The conflict between Israel and Hamas will continue to cast a long shadow, with the focus on US diplomatic efforts to stop a further escalation via way of visits from Blinken today and Biden tomorrow in focus, but China’s’ property woes also remain in focus as Country Garden’s entire offshore debt will be deemed to be in default if today’s coupon payment is not made. Otherwise, there are the much better than expected Singapore trade and weaker than expected Japanese services output (Tertiary Industry Index) along with UK labour data to digest, while a barrage of key US activity data, Retail Sales, Industrial Production, NY Fed Services and NAHB Housing surveys will be the key statistical feature ahead. In event terms, there are numerous ECB, Fed and BoE speakers, while the US Q3 corporate earnings run continues to feature financials, with Goldman Sachs, Bank of America and BoNY Mellon among the headliners along with Johnson & Johnson and United Airlines. A busier day for Eurozone govt bond auctions has German 2-yr, Dutch 20-yr and Finnish 5 & 10-yr on the auction block.

** U.K. – Aug/Sep Labour Market reports **

The partial labour report, due to ONS decision to delay the publication of the Labour Force Survey, offered some further comfort for the BoE, with headline Average Weekly Earnings falling a little more than expected to 8.1% y/y from 8.5%, with the ex-Bonus measure only edging lower to 7.8% y/y from 7.9% underlines that wage pressures remain close to record highs, even if the increase looks to be past its peak. Implicitly a further 11K fall in HMRC Payrolls, following a downwardly revised -8K in August also points to less pressure going forward. But along with a likely very small slip in tomorrow’s CPI, the path back to the BoE’s 2.0% target is likely to be rather protracted, and thus likely to reinforce the high for longer narrative.

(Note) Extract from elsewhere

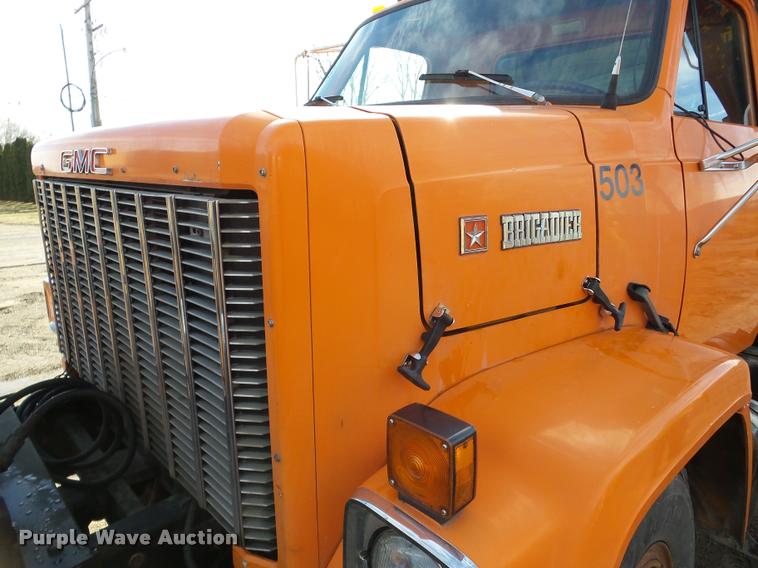 image for item DA7378 1988 GMC Brigadier dump truck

** U.S.A. – Retail Sales, Industrial Production & NAHB Housing Market Index **

The focus in terms of Retail Sales will be very much on the core measures, given that headline sales will see a boost from the solid 4.2% m/m rise in Auto Sales and a rise of just over 2.0% in gasoline prices, which the consensus expects to result in a 0.3% m/m rise, but core measures are expected to be tepid, with the Control Group measure forecast to rise just 0.1% m/m, echoing a similar gain in August. Much may depend on the extent of any boost from back-to-school and Labour Day holiday spending, which the fall in credit card spending and indeed the Michigan Sentiment survey suggests will be weak, and highlighting that momentum has slowed sharply at the end of Q3 going into Q4. Industrial Production and Manufacturing Output are forecast to be unchanged on the month, with a drop in utilities output as temperatures reverted to normal offsetting a modest boost to manufacturing output implied by the ISM and other surveys. After a sharp setback in September, the NAHB Housing Market Index is seen dipping slightly further to 44 from 45, as the new cyclical high in mortgage rates in the early part of the month continue to weigh on sales and indeed buyer traffic.